Criminal prosecutors on Thursday
asked a Rome court to fine anti-mafia writer Roberto Saviano
10,000 euros for calling Premier Giorgia Meloni a "bastard" on a
television talk show in December 2020.
Saviano, the author of the Gomorrah expose, made the comment
while talking about baby who died in a migrant crossing.
Meloni, the leader of the right-wing Brothers of Italy (FdI),
has used strong rhetoric on the issue of migration.
Saviano said the same thing about League leader Matteo Salvini,
the current deputy premier and infrastructure minister.
Prosecutors opened a criminal investigation after Meloni, who at
the time was in the opposition, filed a complaint.
Salvini is a civil plaintiff in the trial.
The writer also faces a separate trial for having called Salvini
the "minister of the underworld" on another occasion.

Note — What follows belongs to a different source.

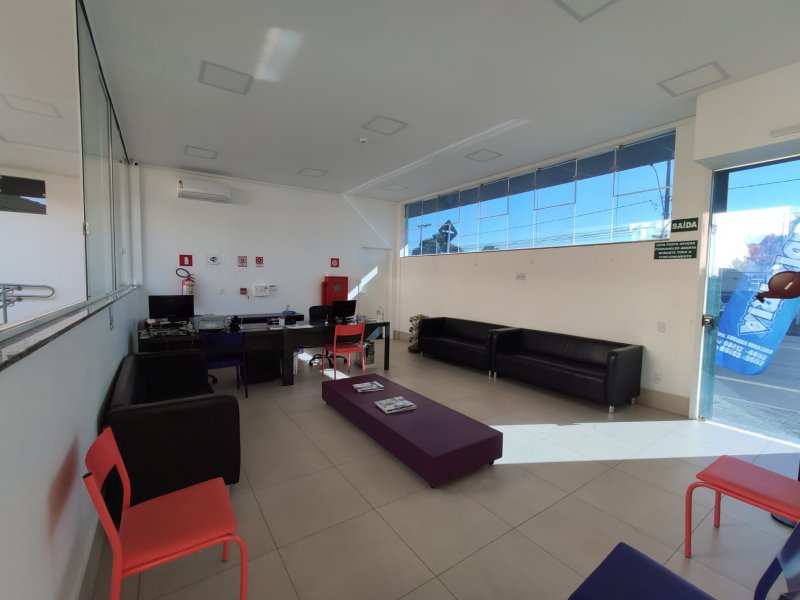Comercial para alugar Santa Mônica com 17m² e 1 quarto por R$ 1.100 - 224107148-whatsapp-image-2021-07-14-at-09.jpeg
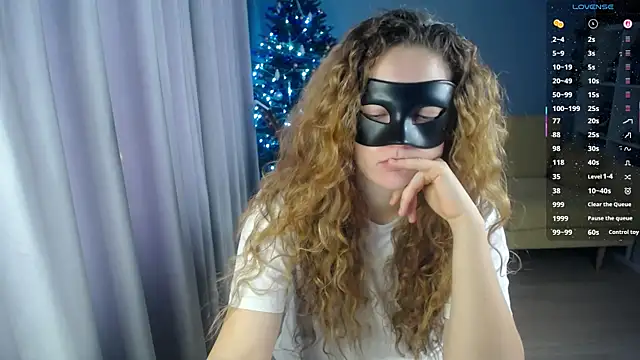 Snapshot of BubbbleGumm chatting on January 8, 8:27 am BubbbleGumm online show from January 8, 8:27 am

Saviano has been in police protection since the publication of
Gomorra in 2006 lifted the lid on the Casalesi clan of
Campania's Camorra mafia.
The book was turned into a 2008 film that won second prize at
Cannes and was the inspiration for a successful Sky TV series.
The Camorra is Italy's third-biggest criminal organisation
behind Calabria's 'Ndrangheta and Sicily's Cosa Nostra.
Press freedom groups have criticized the trial and the fact that
defamation is a criminal offence in Italy.
When he called the two politicians "bastards", Saviano referred
to their previous statements criticizing NGO rescue ships as
"sea taxis" and "cruise ships".
"I think Giorgia Meloni's conduct is an act of intimidation,"
Saviano told the court.
"Amid the absurdity of being taken to trial by the premier for
having criticized her, there is no greater honour for a writer
than to see their words scare such a mendacious power.
"When it is asked, one day, how it was possible to let all these
people die at sea, my name will not be among the accomplices".